Let $\triangle ABC$ a triangle, and $P$ a point inside $\triangle ABC$. Let $D$, $E$, $F$ mid points of $\overline{AP}$, $\overline{BP}$ and $\overline{CP}$ respectively and $L=\overline{BF}\cap\overline{CE}$, $M=\overline{CD}\cap\overline{AF}$, $N=\overline{AE}\cap\overline{BD}$.
- Prove that the hexagon $DNELFM$ has one third the area of the $\triangle ABC$
- Prove that the diagonals $\overline{DL}$, $\overline{FN}$, $\overline{ME}$ of the hexagon $DNELFM$ concur at one point.
I already proved part 1, but I'm having trouble with part 2 of this question, any advices?
This is pretty simple by exploiting vectors or affine maps.

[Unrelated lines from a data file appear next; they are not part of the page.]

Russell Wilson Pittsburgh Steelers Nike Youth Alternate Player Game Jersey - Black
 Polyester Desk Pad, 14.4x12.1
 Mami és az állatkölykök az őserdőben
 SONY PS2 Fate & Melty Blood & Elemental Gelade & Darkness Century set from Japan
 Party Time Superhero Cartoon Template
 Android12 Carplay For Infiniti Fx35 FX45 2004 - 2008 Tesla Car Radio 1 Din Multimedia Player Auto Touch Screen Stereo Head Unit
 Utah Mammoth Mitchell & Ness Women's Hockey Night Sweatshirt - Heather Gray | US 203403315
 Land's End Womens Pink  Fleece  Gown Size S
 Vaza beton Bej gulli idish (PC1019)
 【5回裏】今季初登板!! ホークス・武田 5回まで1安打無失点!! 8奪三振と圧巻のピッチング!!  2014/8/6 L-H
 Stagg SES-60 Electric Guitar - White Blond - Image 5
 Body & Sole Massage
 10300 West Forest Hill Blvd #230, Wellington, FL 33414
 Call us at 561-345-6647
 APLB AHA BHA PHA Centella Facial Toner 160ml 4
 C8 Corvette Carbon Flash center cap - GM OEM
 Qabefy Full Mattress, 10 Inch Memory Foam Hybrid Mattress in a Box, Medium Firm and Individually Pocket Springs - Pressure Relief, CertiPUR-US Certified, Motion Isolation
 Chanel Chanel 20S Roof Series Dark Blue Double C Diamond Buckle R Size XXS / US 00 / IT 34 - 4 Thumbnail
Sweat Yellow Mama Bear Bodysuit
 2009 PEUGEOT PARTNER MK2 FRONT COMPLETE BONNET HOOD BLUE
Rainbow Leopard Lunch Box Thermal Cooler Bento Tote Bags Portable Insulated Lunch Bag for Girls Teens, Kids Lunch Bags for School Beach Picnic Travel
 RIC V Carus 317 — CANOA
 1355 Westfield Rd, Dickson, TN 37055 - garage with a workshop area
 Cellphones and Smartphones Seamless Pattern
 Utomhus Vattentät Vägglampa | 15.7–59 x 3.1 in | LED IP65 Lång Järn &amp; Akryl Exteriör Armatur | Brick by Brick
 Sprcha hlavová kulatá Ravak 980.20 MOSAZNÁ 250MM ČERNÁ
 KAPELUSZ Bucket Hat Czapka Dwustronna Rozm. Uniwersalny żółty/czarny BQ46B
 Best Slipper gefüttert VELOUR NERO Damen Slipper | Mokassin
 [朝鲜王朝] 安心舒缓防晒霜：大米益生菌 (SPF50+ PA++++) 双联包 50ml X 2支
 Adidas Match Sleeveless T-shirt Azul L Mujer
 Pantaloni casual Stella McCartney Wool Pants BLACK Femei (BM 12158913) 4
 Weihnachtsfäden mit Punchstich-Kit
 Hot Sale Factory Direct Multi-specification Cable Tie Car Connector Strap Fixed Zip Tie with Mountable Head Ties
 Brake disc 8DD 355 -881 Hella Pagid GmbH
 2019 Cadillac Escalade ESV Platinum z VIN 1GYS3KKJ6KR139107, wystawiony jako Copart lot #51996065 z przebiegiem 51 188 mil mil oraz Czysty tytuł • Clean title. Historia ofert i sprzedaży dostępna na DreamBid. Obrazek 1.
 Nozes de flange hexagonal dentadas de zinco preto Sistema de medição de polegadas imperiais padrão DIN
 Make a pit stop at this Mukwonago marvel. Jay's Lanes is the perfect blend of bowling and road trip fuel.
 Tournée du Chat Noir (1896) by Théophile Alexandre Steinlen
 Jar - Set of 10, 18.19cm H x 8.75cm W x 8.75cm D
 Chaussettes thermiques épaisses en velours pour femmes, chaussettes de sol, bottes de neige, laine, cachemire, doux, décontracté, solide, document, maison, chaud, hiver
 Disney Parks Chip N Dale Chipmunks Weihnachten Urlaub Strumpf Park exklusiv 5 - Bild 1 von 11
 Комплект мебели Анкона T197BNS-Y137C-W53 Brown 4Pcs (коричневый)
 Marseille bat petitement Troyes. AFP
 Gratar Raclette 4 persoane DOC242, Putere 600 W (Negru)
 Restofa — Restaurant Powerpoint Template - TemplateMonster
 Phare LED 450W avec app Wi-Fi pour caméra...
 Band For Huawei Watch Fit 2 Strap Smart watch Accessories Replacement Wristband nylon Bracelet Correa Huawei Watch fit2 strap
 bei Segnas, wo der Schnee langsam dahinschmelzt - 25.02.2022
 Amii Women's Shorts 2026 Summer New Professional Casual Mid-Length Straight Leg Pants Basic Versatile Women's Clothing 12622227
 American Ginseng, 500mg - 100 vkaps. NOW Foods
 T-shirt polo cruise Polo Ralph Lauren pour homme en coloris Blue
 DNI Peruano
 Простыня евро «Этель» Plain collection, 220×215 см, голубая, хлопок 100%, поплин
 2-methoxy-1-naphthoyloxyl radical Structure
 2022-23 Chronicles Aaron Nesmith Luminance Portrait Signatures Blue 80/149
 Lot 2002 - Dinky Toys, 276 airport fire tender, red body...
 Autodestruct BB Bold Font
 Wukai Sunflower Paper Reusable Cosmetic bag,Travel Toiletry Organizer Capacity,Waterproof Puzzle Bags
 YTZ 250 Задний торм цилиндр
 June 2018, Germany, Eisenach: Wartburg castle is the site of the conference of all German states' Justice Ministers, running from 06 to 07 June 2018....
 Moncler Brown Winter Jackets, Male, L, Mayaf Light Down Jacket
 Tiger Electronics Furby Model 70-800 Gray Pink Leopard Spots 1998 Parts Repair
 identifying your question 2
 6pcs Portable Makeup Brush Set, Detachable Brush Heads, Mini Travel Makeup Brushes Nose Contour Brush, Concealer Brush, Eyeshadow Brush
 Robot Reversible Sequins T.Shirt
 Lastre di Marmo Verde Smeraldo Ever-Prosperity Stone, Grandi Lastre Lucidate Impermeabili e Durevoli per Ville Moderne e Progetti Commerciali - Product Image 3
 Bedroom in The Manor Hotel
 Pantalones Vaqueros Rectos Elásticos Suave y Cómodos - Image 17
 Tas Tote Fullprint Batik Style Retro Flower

$D$ is the midpoint of $AP$, hence $D=\frac{A+P}{2}$. $L$ is the centroid of $BCP$, hence $L=\frac{B+C+P}{3}$. $$2D+3L=A+B+C+2P = 3G+2P = 2E+3M = 2F+3N$$ hence the diagonals of $DMFLEN$ meet at $\frac{3}{5}G+\frac{2}{5}P$ with $G$ being the centroid of $ABC$.